Method for biological production of biogenic amines through simultaneous product separation {Method for biocatalytic production of biogenic amines with in situ product removal}

The present invention relates to a biological process for producing biogenic amines using aromatic amino acid decarboxylase, and more particularly, carbon dioxide as a product in the decarboxylation reaction and It relates to a method for producing biogenic amines with high efficiency by isolating the amine products simultaneously with the reaction through vaporization and ion exchange resins, respectively.

Biogenic amine is a generic term for amines produced in the living body. In particular, it includes monoamine neurotransmitter and trace amine, which are biochemical information transmitters that act as neurotransmitters. It plays a pivotal role in function. For example, a decrease in the monoamine neurotransmitters serotonin, dopamine, and norepinephrine causes depression, and trace amines 2-phenylethylamine and tryptamine are known to be involved in mood and appetite regulation. In addition, biogenic amines are known to be importantly involved in intercellular communication in addition to neurotransmission functions. Due to such biological importance, the utilization of biogenic amines in pharmaceutical applications is attracting attention. Despite the recent increase in demand for natural products, biogenic amines have been produced by chemical synthesis until now, and studies on eco-friendly production methods based on biological processes have hardly been conducted. It can be obtained by extraction from natural products, but it is not realistic in terms of production cost because trace amounts exist. For example, the 2-phenylethylamine contained in chocolate is only about 3 mg per kg of chocolate.

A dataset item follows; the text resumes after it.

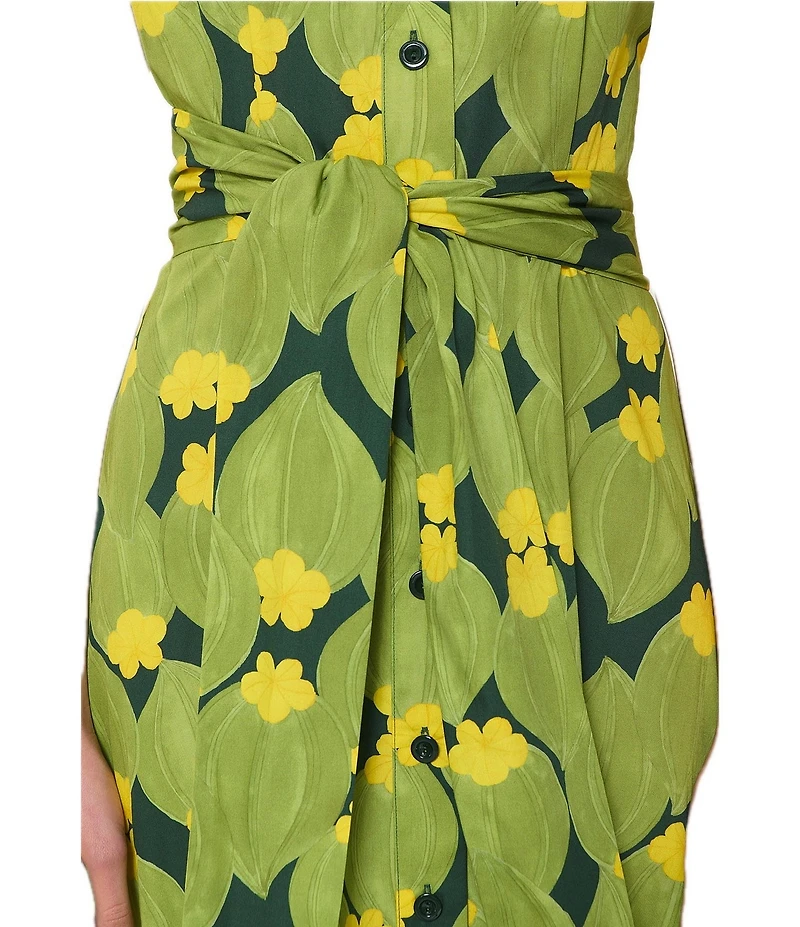 Tara Jarmon Rosia Floral V-Neck Cap Sleeve A-Line Tie Waist Midi Dress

Aromatic amino acid decarboxylase is an enzyme that performs decarboxylation of amino acids in vivo using pyridoxal-5'-phosphate (PLP) as a cofactor. For example, in the case of L-dopa dicarboxylase, the decarbonization reaction of L-3,4-dihydroxyphenylalanine is performed to produce dopamine and carbon dioxide. Due to these properties, aromatic amino acid dicarboxylase is very suitable for the biological synthesis of biogenic amines.

In a reaction process using a biocatalyst, substrate inhibition by a reactant and product inhibition by a product frequently occur depending on the characteristics of the enzyme. Since the inhibition of the enzyme activity lowers the reaction efficiency, it is essential to develop a customized process that can improve the reaction efficiency by alleviating the inhibition of the activity for industrial use.

There have been many reports of inhibition of activity by reactants and products in the decarbon dioxide reaction performed by dicarboxylase. In the prior literature (Biochimica et Biophysica Acta, 1986, 870, 31-40), Drosophila L-dopa dicarboxylase derived from melanogaster showed inhibition of enzymatic activity by reactants with respect to L-dopa (L-3,4-dihydroxyphenylalanine), and inhibition of activity by dopamine, a product, has also been reported. In addition, in the prior literature (Archives of Biochemistry and Biophysics, 1999, 365(1), 17-24), it has been reported that Pseudomonas stutzeri -derived oxaloacetate dicarboxylase inhibits enzyme activity by products for pyruvate and carbonate. .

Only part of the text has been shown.